Ahora bien, una vez que el voto nos da poder político sobre todas esas organizaciones y entornos sociales, al mismo tiempo sentimos que nos da igual libertad para gravar a todos esos círculos que antes de alguna manera vimos como que nos sometían y nos imponían sus reglas, a dominar desde el poder (que ahora tenemos y nos dieron) con nuestras propias reglas. Por eso, todo jefe (de algo o de alguien) tiende a ser un potencial tirano. Y de allí, quizás, que Lord Acton decía con razón, desde su personal perspectiva, que ‘‘El poder tiende a corromper. El poder absoluto corrompe absolutamente.’‘
Pero tal vez sea como conjeturo, que el poder tiende a revelar y el poder absoluto revela absolutamente tal como es la persona que lo recibe y detenta, potencia de dicha manera, sus defectos y sus virtudes en sus respectivas proporciones.

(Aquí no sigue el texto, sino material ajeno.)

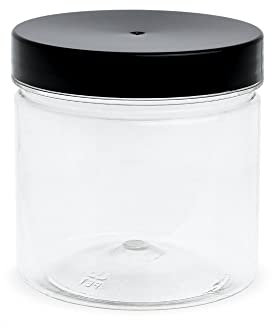 STACKABLES 12 Pack Small Round Plastic Jam Jars with Lids – Refillable Mini Clear Storage Containers with Airtight Black Lids for Kitchen use, Preserve Pots, Dry Foods, Sweets, Spices & More.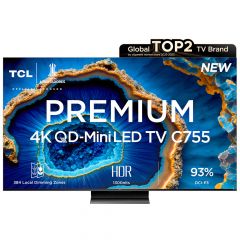 Televisor 55" TCL C755 QD-Mini LED 4K TV | Bizel de Metal | Google TV | HDR 1300 Nits | 144Hz VRR | HDR 10+ | Dolby Visión · Atmos | Más de 500 zonas | AiPQ PRO | ISDB-T | AirPlay 2 | 3 Años de Garantía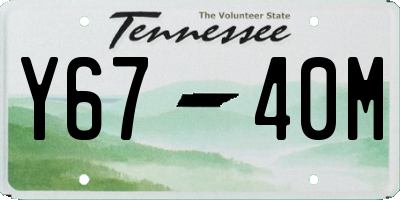 TN license plate Y6740M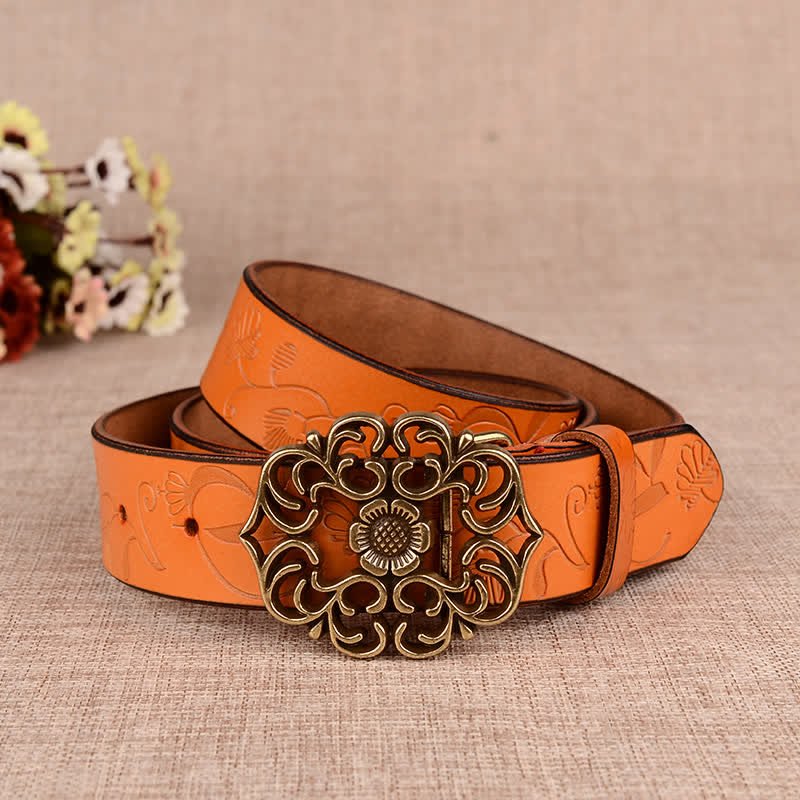 Cinturón de piel con estampado retro de girasol hueco para mujer
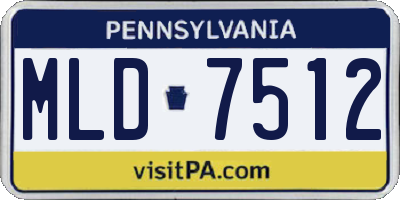 PA license plate MLD7512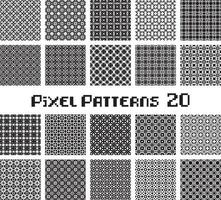 Abstract seamless pattern in pixel style. Set geometric design background. vector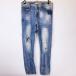 [ б/у ]ZARA Zara MMX2 PREMIUM Wash Denim брюки авария Denim Vintage обработка 36 женский 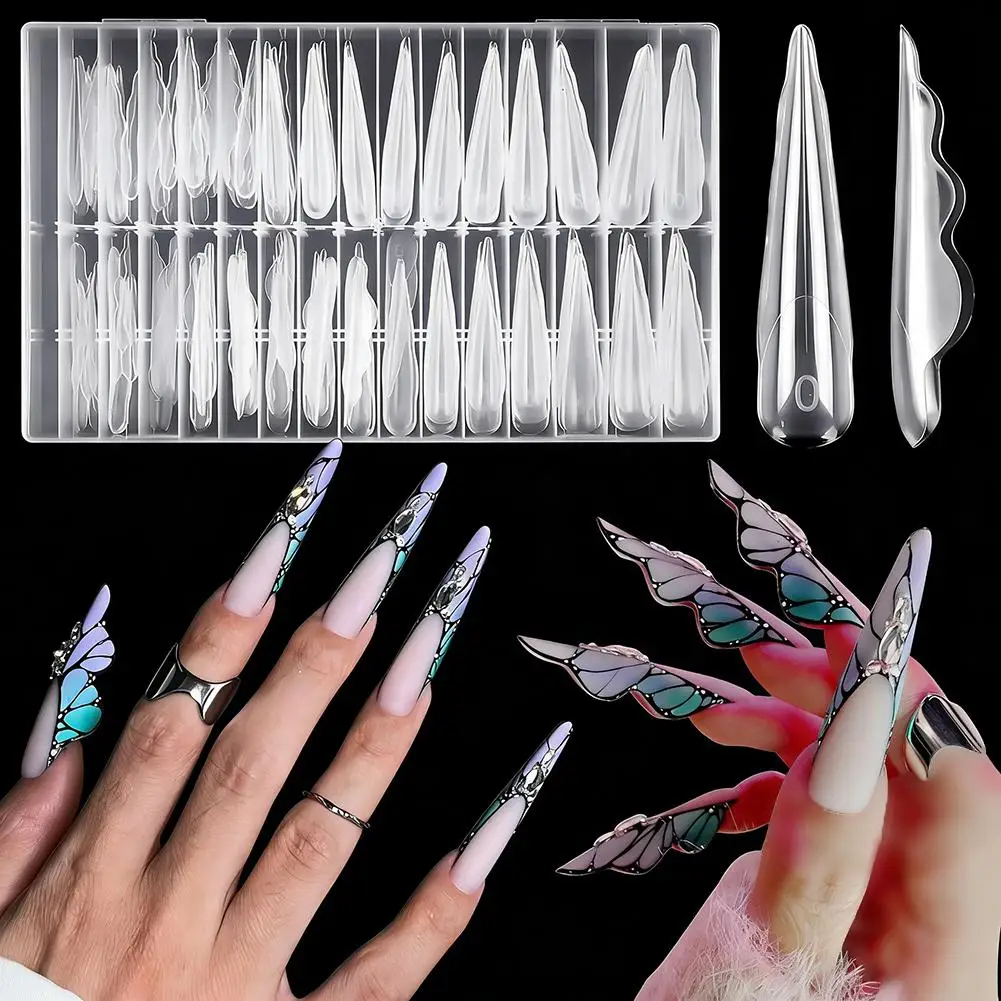 

150pcs DIY Butterfly Nail Dual Forms Clear Reusable Nail Art Extension Forms Ultra-thin Seamless Nail Home Manicure Salon Tool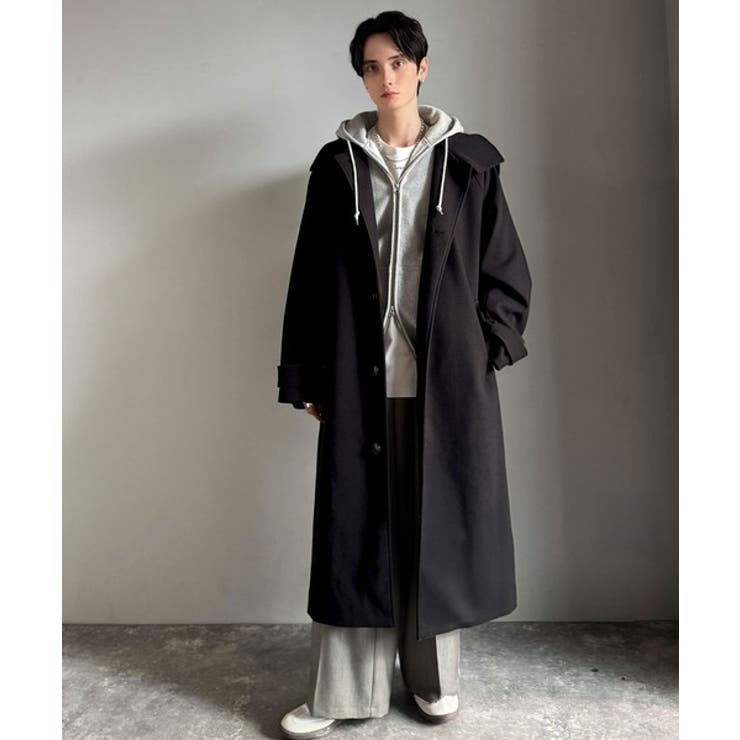 魅せ方、自由自在。襟2way比翼仕立てニットメルトンスタンドステンカラーコート | Classical Elf Men | 詳細画像8 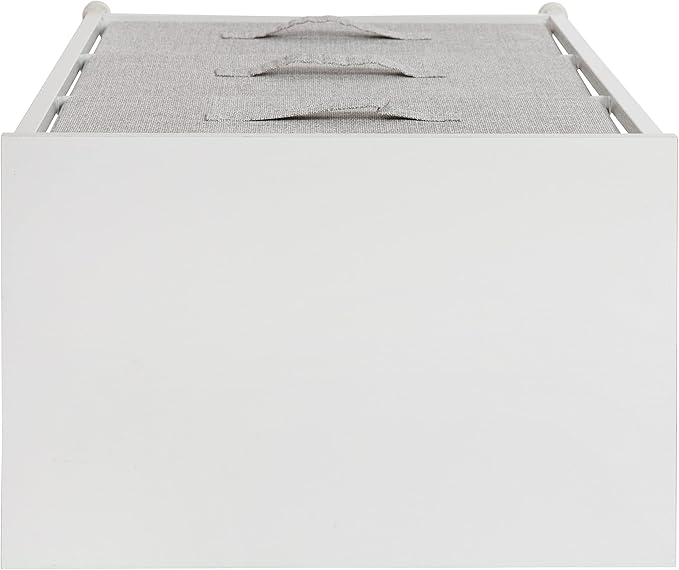 Flash Furniture Harris 3 Drawer Storage Dresser - White Cast Iron Frame and Wood Top - 3 Easy Pull Dark Gray Fabric Drawers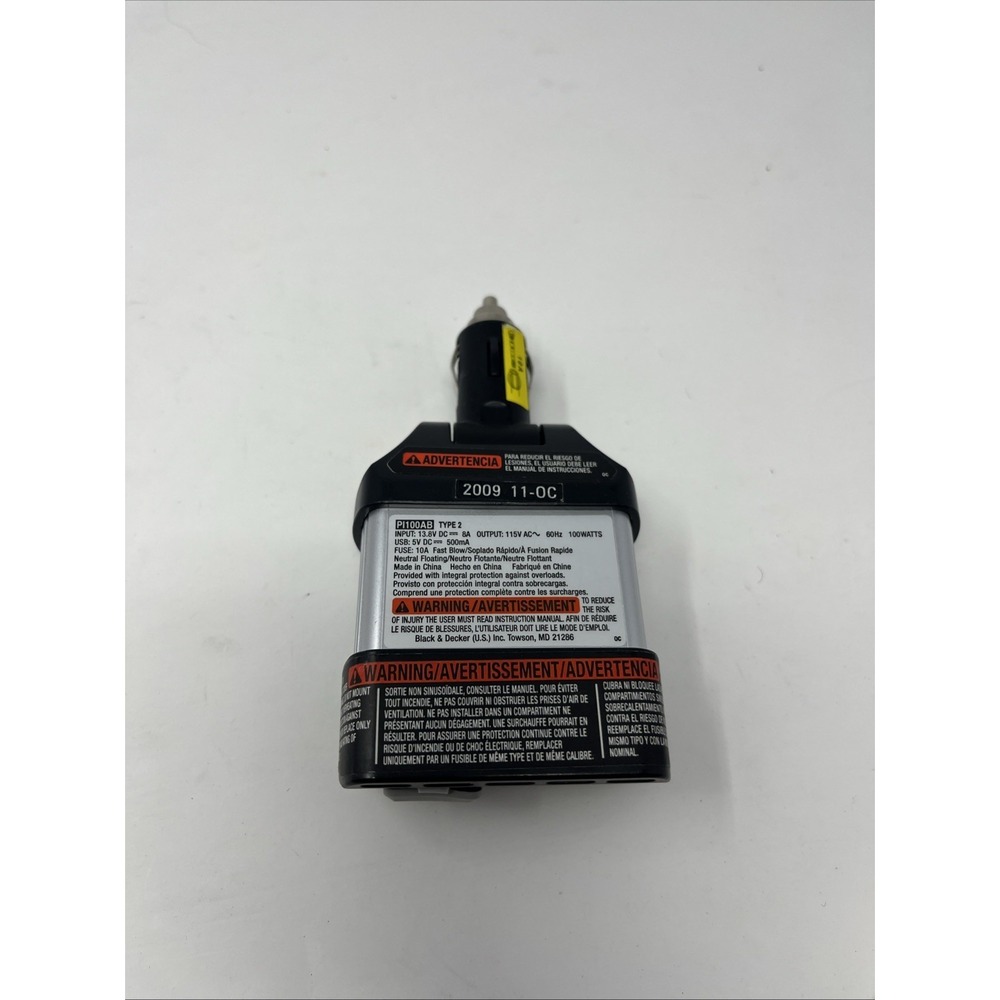 BLACK & DECKER 100 Watt Power Inverter, Plug In Car Port, AC Outlet & USB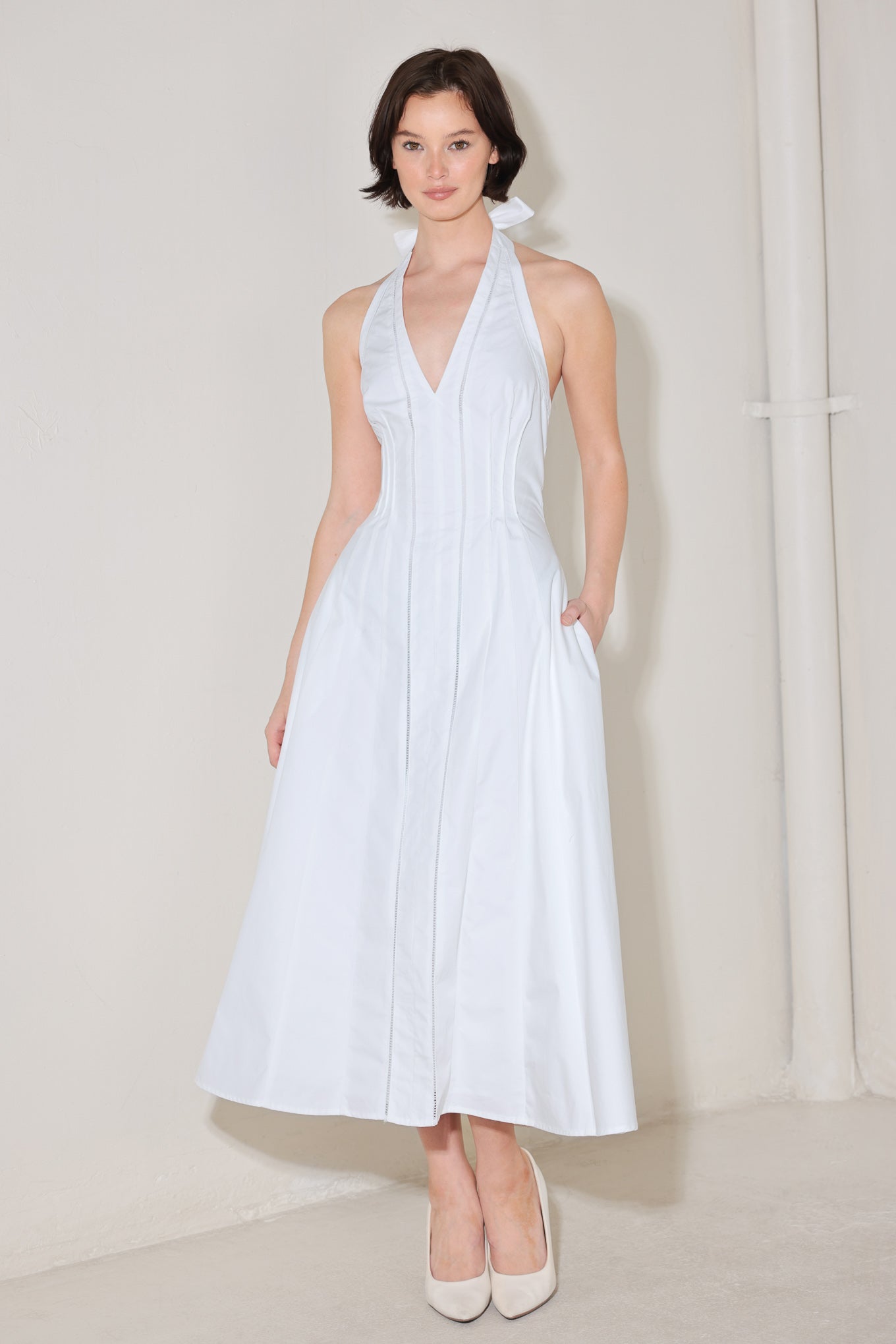 POWDER SKY HALTER WOVEN MIDI DRESS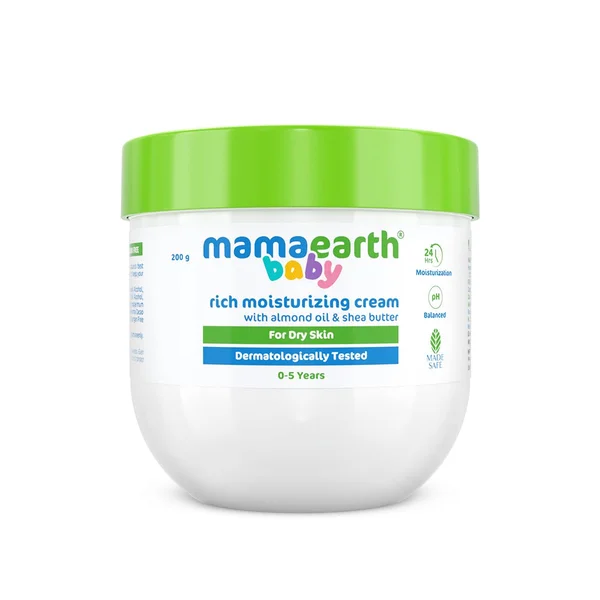 Mamaearth Baby Rich Moisturizing Cream with Almond Oil &amp; Shea Butter for Dry Skin, 200 gm, Pack of 1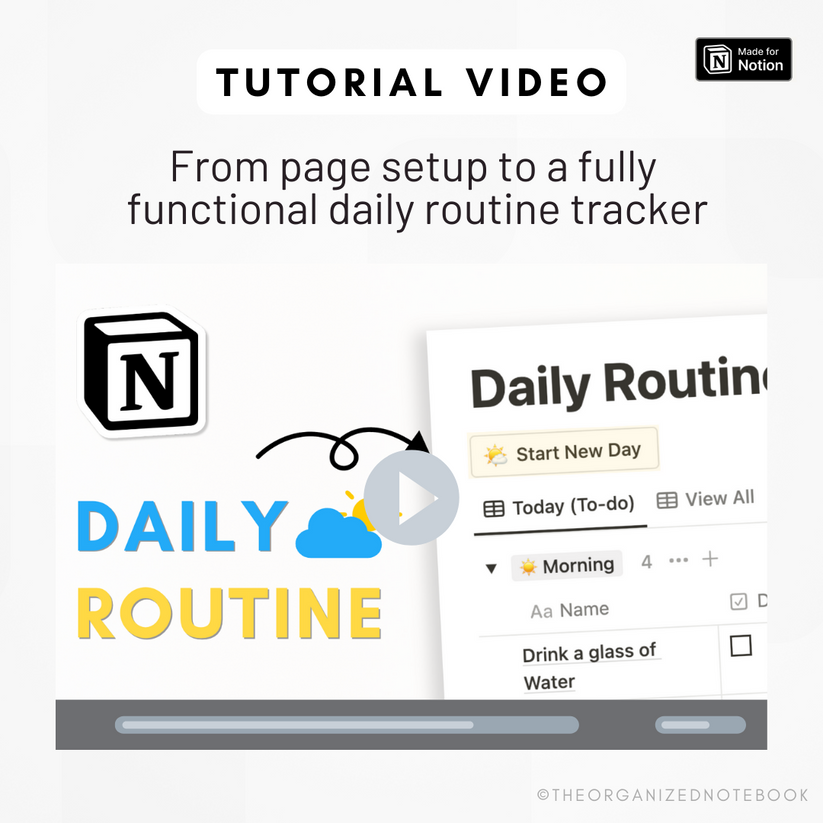 Notion Database For Routine Daily Routine & Habit Tracker Notion Template – The Organized Notebook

Sentimos que, con el poder en la mano, tenemos la libertad de avasallar mediante nuestras normas y (por carácter transitivo) nuestra verdadera forma de ser, a quienes están por debajo de nuestro poder. Nos sentimos ‘’libres’’ de ser como realmente somos (seamos malvados o magnánimos). Por esta razón la concentración de poder es socialmente letal.
Pero como dijimos antes, el ejercicio del poder muestra lo mejor y lo peor de nosotros. Políticamente sucede lo mismo. Claro que, lo mejor y lo peor no equivale a un cincuenta por ciento de ambos lados. Lo peor puede ser nuestro 90% y lo mejor nuestro 10%. Ese desbalance es frecuente y puede ser notable, en quien más, en quien menos.
Comparativa y políticamente hablando (y por sólo referirnos a los últimos años) el poder mostró lo peor de los gobernantes hasta hoy (con la posible única excepción de Mauricio Macri). Obviamente, esto no influye en los resultados de la gestión, porque aunque un político puede no ser autoritario ni despótico, puede fracasar igual por incompetente técnicamente para la función a la cual fue elegido. Y -por supuesto- se pueden sumar ambas causales: la inhabilidad técnica más el autoritarismo.
La moraleja es que el liberalismo no tiene nada que ver con lo anterior. Al menos, el liberalismo como yo lo entiendo.